= Grote Nederlandse Larousse Encyclopedie =

The Grote Nederlandse Larousse Encyclopedie (abbr. GNLE) is a Dutch-language encyclopaedia based on the French Grand Larousse encyclopédique, which appeared from 1971 to 1979 in 25 volumes. The project of publisher Heideland-Orbis (Hasselt) was larger in scope than its example, as well as the then existent Dutch encyclopaedias Winkler Prins and Oosthoek. Due to the cooperation with the publisher of the Larousse they could appeal to the extensive know-how of the French encyclopaedia and supplement it with the help from Dutch and Belgian experts.

The encyclopaedia contains 500,000 lemmas, 1066 categories grouped in 20 disciplines, 8000 literary quotations, 52,000 illustrations, 1200 geographical and thematic maps and 40 000 citations.
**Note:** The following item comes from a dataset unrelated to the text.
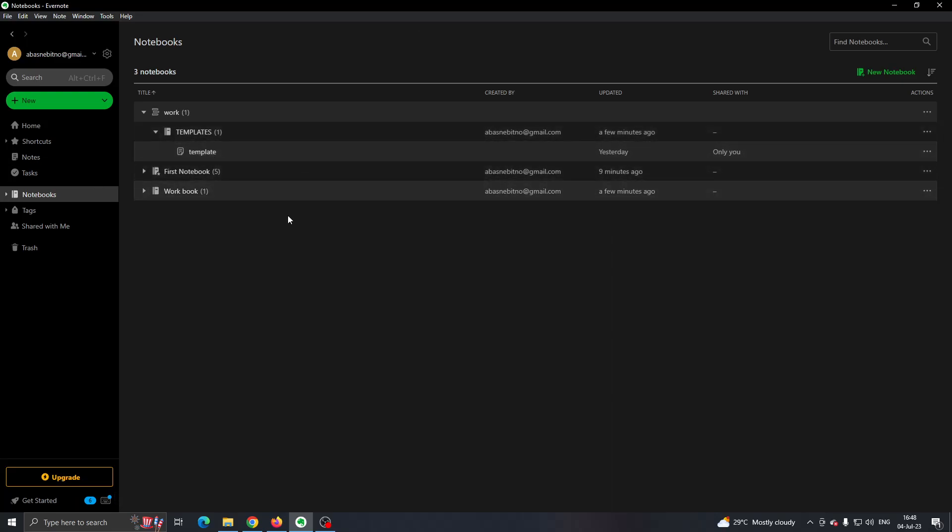So basically, that's it - that's how to do it and those are the options that you have.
A full medical encyclopaedia is included, as well as the Koenen-Endepols dictionary. A separate atlas is part of the series.

Only a single edition of the Grote Nederlandse Larousse appeared.

- Grote Nederlandse Larousse Encyclopedie. Samenstellers: L. Nagels en L. Vandeschoor. 25 dln. A-Z 1972–79. Atlas, 1979. 2 supplementen 1980, 1983. 's-Gravenhage: Scheltens en Giltay (vanaf dl. 17: Hasselt: Heideland-Orbis / 's-Gravenhage: Scheltens en Giltay).